Nehmen wir als Beispiel die palästinensischen Selbstmordattentäter. Die jungen Männer Palästinas leben ein Leben der Zukunftslosigkeit, Aussichtslosigkeit und Bedrängnis, der Sackgassen, der Erniedrigung und Verachtung, ein Leben, das sie täglich ihrer Würde beraubt. Das trifft auch Frauen, auch ihre Würde wird mit Füssen getreten. Selbstachtung von Männern ist aber verschieden von der Selbstachtung von Frauen. Sie hängt bei beiden eng mit ihren Rollen zusammen, die ihnen sehr Verschiedenes abverlangt, Scheitern unterschiedlich definiert und bewertet. Für Frauen und Männer gibt es in diesem Geschlechterregime jeweils unterschiedliche Demütigungen, die nach diesen Vorstellungen nur mit dem eigenen Tod oder dem Mord beantwortet werden können. Bleiben die jungen Männer in ihren alten Rollen verhaftet, so erscheint vielen die einzige Antwort auf die Erniedrigungen die Gewalt, der Massenmord, verursacht durch das Selbstopfer. Der gewaltlose Widerstand, wie er seit vielen Jahren in Bi’lin und anderen palästinensischen Gemeinden geübt wird, erfordert neben politischen Konsequenzen ein verändertes Rollenverständnis und zeigt darüber hinaus, dass dies auch möglich ist. Auch bei den sog. Ehrenmorden sind es die Männer, deren „Ehre“ ihnen verletzt erscheint und den Tod der Frau erfordert. Daran will die Mehrheitsgesellschaft nicht schuld sein. Sie ist es aber, denn der finalen Entehrung gehen die vielen Ehrverletzungen durch tägliche kleine Demütigungen, Beleidigungen, Verachtung und oftmals Verhöhnung voraus. Aber nur verbunden mit Perspektivlosigkeit und Enge sind die gewaltsamen Entladungen begreifbar.

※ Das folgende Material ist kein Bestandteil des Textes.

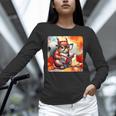 Squirrel Reading Comic Book On Autumn Branch Glasses Leaves Unisex Long Sleeve T-Shirt Squirrel Reading Comic Book On Autumn Branch Glasses Leaves Unisex Long Sleeve T-Shirt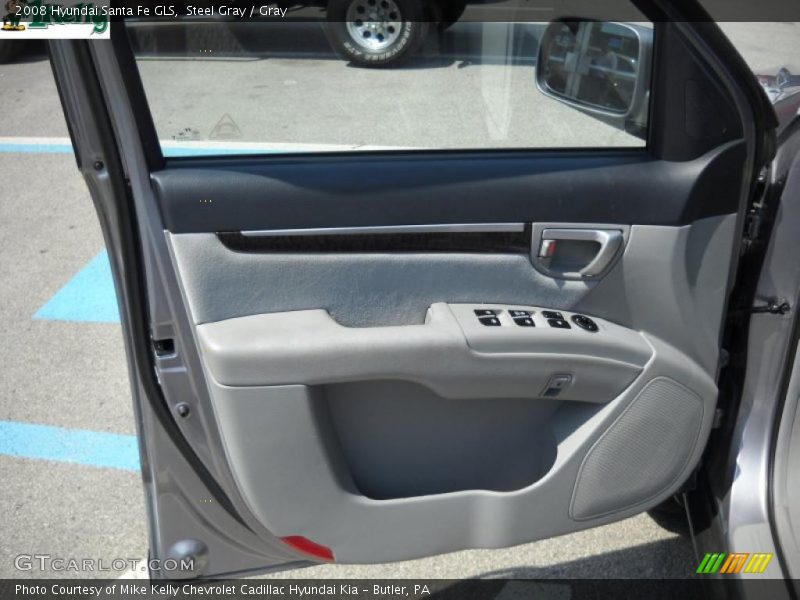 Steel Gray / Gray 2008 Hyundai Santa Fe GLS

Im Vorkriegsjugoslawien waren Männer auf allen Seiten für Nationalismus und Chauvinismus leicht zu gewinnen, weil sie im Zusammenbruch des Sozialismus nicht auf Ersatzrollen zurückgreifen konnten wie die Frauen. Frauen und Männer haben damals massenhaft ihre Arbeitsplätze verloren. Frauen hatten danach eine alte, aber taugliche und hilfreiche Rolle zur Verfügung, in die sie schlüpfen konnten. Ohne Job sind Frauen immer noch Mütter und Organisatorinnen des häuslichen und familiären Lebens. Sie verlegten ihren Schwerpunkt auf die Subsistenzarbeit, ihre familiären und nachbarschaftlichen Netzwerke wurden wichtig und fruchtbar. Ihr Ansehen stieg. Nicht so bei den Männern. Der Verlust ihrer Erwerbsarbeit, ihres Einkommens, das ja höher war, als das ihrer Frauen und ihnen dadurch in den Familien eine dominante Rolle sicherte, bedeutete den Verlust ihres alten Ansehens; sie wurden nicht nur arbeits-, sondern bedeutungslos, spielten, tranken – und wurden unnütze Esser. So demoralisiert waren sie für den nationalistischen und separatistischen Amoklauf benutzbar. Dieser gab ihnen Bedeutung, Macht. Männermacht, die sich auch gegen die eigenen Frauen richtete, vor allem aber gegen die Frauen des Feindes. Der nationalistische Amoklauf ist im Übrigen immer weniger gefährlich und deshalb wahrscheinlich auch beliebter als der individuelle Amoklauf, der für einen selber ja meist tödlich endet.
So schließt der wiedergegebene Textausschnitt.